In the Middle East, we all love to start scolding someone with the words "I told you so..." If the person you told this is the leader of an honorable, hardworking and reputable Kurdish brother or sister of yours, and what you told him was as deplorable as losing their hard-earned democratic, economic and cultural autonomy, you should refrain from doing so. Instead, you should help him and your brothers and sisters fooled by their leader who himself had been fooled by Westerners (one hundredth time), mend their ways and learn from their mistakes.
President Masoud Barzani should have looked at his Baghdad-provided ID card and seen the word "Mahabad" in the slot designated for the place of birth. Then Qazi Muhammad and other Kurdish leaders were pawns in the hands of the Soviet Union against Allied Forces supporting Iran, a handful of Kurdish intellectuals and tribesmen who declared independence and created what was called the Republic of Mahabad. How long did it survive? 10 months. When the Soviet Union had no use for a client state in the region, they stopped supporting the Kurds; and the republic was destroyed by the Iranian government.
Later it was the turn of Barzani's father, the late Mele Mustafa. This time the Western powers were supporting Kurds against the Soviet Union, which was trying to use Iraq as a springboard in the Middle East. Supported by the U.S., Barzani's Kurdish Democratic Party revolted against the Baathist regime. It lasted almost 10 years; and later the findings of a U.S. Congressional Commission confirmed that the CIA was only interested in the Kurds to wear down Iraq and had no intention of supporting Mele Mustafa's independence dreams.

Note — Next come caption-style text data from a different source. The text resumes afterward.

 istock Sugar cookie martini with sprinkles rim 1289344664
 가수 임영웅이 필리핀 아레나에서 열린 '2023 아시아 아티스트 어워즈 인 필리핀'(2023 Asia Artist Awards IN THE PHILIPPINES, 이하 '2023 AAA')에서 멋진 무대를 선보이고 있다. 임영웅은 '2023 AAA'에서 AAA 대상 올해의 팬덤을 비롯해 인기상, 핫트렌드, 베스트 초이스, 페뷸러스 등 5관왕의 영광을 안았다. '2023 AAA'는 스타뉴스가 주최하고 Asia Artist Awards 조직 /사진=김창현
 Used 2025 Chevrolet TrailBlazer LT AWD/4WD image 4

Masoud Barzani, having spent his youth in exile with his father in Virginia, returned to Iraq 12 years later. Following the U.S. invasion of Iraq and Saddam Hussein's defeat in 1991, U.S. forces established Kurdish control over northern Iraq. They created an autonomous zone, and let Barzani run the area. Those people who helped Barzani to become the leader of that zone helped him further after the second invasion of Iraq. This time it was not an autonomous zone but a fully-fledged regional government. Barzani became the president of the regional administration in June 2005.

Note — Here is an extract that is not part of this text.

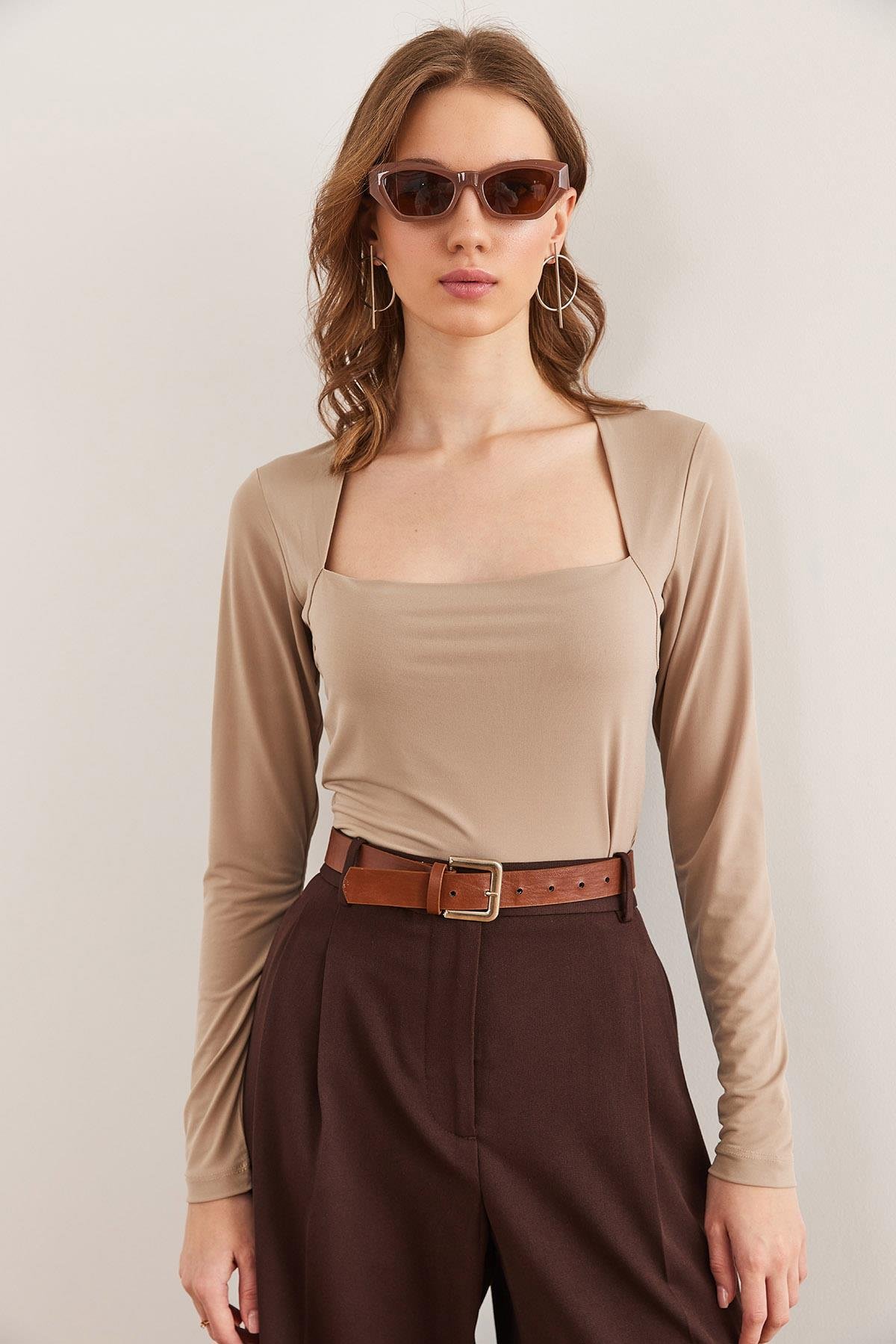 Kare Yaka Crop Sandy Bluz Taş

Apparently that was not all. The gang of neo-conservatives headed by Paul Wolfowitz , then-Deputy Secretary of Defense Richard Perle and then-Assistant Secretary of Defense for International Security Affairs Frank Gaffney promised Barzani, on behalf of the U.S. government a full independent country carved from Iraq and Syria. Gaffney, seemingly during the euphoria of last month's illegal independence referendum, confessed this in a Twitter post and said that the U.S. government has to help Kurds to realize independence by seceding from Iraq.
Now, after all these trials and tribulations, the Iraqi Kurds deserve better leaders, not adventurists. Leaders who will not listen to longhaired French philosophers and visitors with yarmulkes and map-drawing former colonels, but seek prosperity in societies where they have been essential elements of the polity and society.
Our Kurdish brothers and sisters should ask themselves, why those Americans who did not allow their own people to secede from the Union in 1861 are now urging them to dismember four countries and create one nation. What is in it for them? Do they really want Kurdish dreams to become a reality? Do Kurds have such dreams other than living a better life as founding members of their societies?
Years later a congressional committee could have found that those Americans had no intention of ever following through with Barzani's childhood ambitions as the Pike Committee did in 1975: The CIA simply wanted to harm Iraq not benefit the Kurds. But by then it will be really too late, and people will tell you that they had told you so.